Sasha Haco — CEO of London-based AI content moderation startup Unitary — spends longer than your average founder thinking about nipples.
“The traditional way to do this is to ask, ‘Do we have nudity? Is this a nipple? Yes or no’,” she explains.
“But the customer’s content policy might say, ‘If someone’s breastfeeding, that’s ok,’ or ‘artistic nipples are ok but nipples in a pornographic setting are not ok.’ The hard part is the nuance and the context. We talk about nipples a lot.”
Unitary has today raised $15m to scale its technology, which uses AI to identify harmful content online — the investment was led by Creandum with participation from Paladin Capital Group and Plural.
What does Unitary do?
The startup has built an AI model that analyses video and image content to assess violations of its customers’ safety policies.
Content moderation has historically used a lot of manual labour — Meta alone employs around 15k people to view uploaded material and flag harmful content — a process which is expensive for the platforms and, at times, disturbing for those doing the moderating.
“There’ll always be some human element, but I think a lot of it will become automated. AI can replace a lot of that traumatic grunt work,” cofounder Sasha Haco tells Sifted.
Unitary was founded in 2019 and now processes “10m videos a day” for clients that include some of the “big social networks” (the company isn’t able to name names just yet).
Haco says that the startup’s clients span a broad range of online businesses that also include dating sites, marketplaces and other websites that you wouldn’t immediately assume need content moderation services.

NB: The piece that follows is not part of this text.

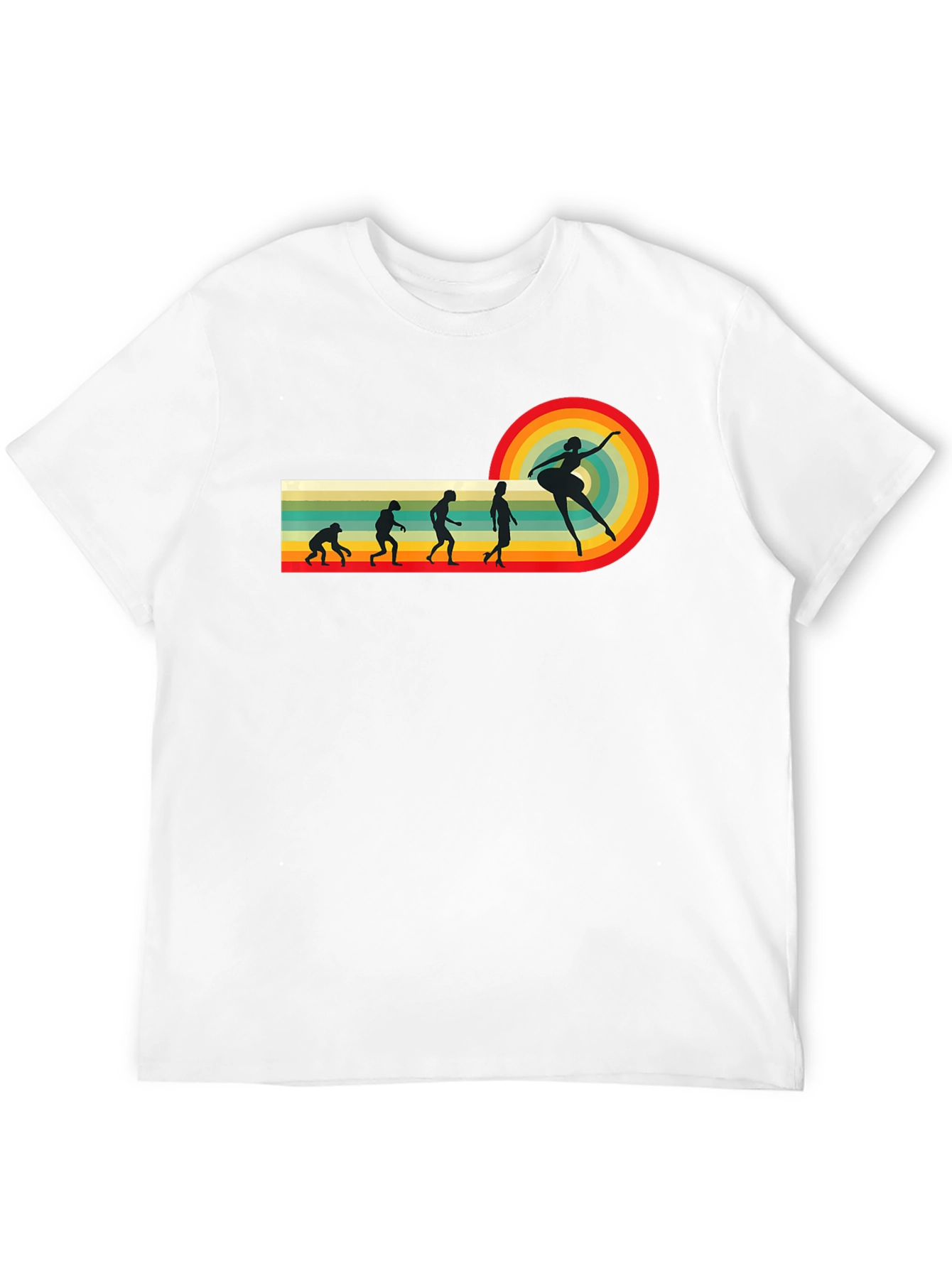 Evolution of Dance Graphic Tee - Retro Style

“Gaming is a really interesting use case for us, as are file storage companies,” she explains. “You wouldn’t believe it but people are using second-hand car websites for drug trafficking.”
What’s the market like?
Haco says that content moderation is a complex technical problem to solve, as simple AI detection of things like nudity often doesn’t tell you the whole story. Unitary’s 40-strong team of mostly engineers have spent the last four years building an AI model that analyses the imagery, text and audio of online videos to assess whether content is harmful.
Others in this space include Silicon Valley-based companies Hive and Spectrum Labs (recently acquired by New York-based online safety company ActiveFence).
“A lot of competitors keep getting bought and acquired — I don’t know if that’s a good thing or bad thing,” Haco says. “We want to be a big, successful, impactful company. I’m not interested in an acquisition.”
She adds that she hopes to scale Unitary so it can become a “horizontal safety layer across the internet”, operating like a “Cloudflare for safety”.
To do this, Unitary will now be deploying its fresh funding to beef up its commercial team. Haco, who previously worked as a theoretical physicist studying black holes in Stephen Hawking’s research team, says that the jump from academia to startups has been a rewarding, if hair-raising, one.
“My rate of learning feels so much higher in this role than it did in academia… It’s been the most exhilarating hell I’ve ever lived through.”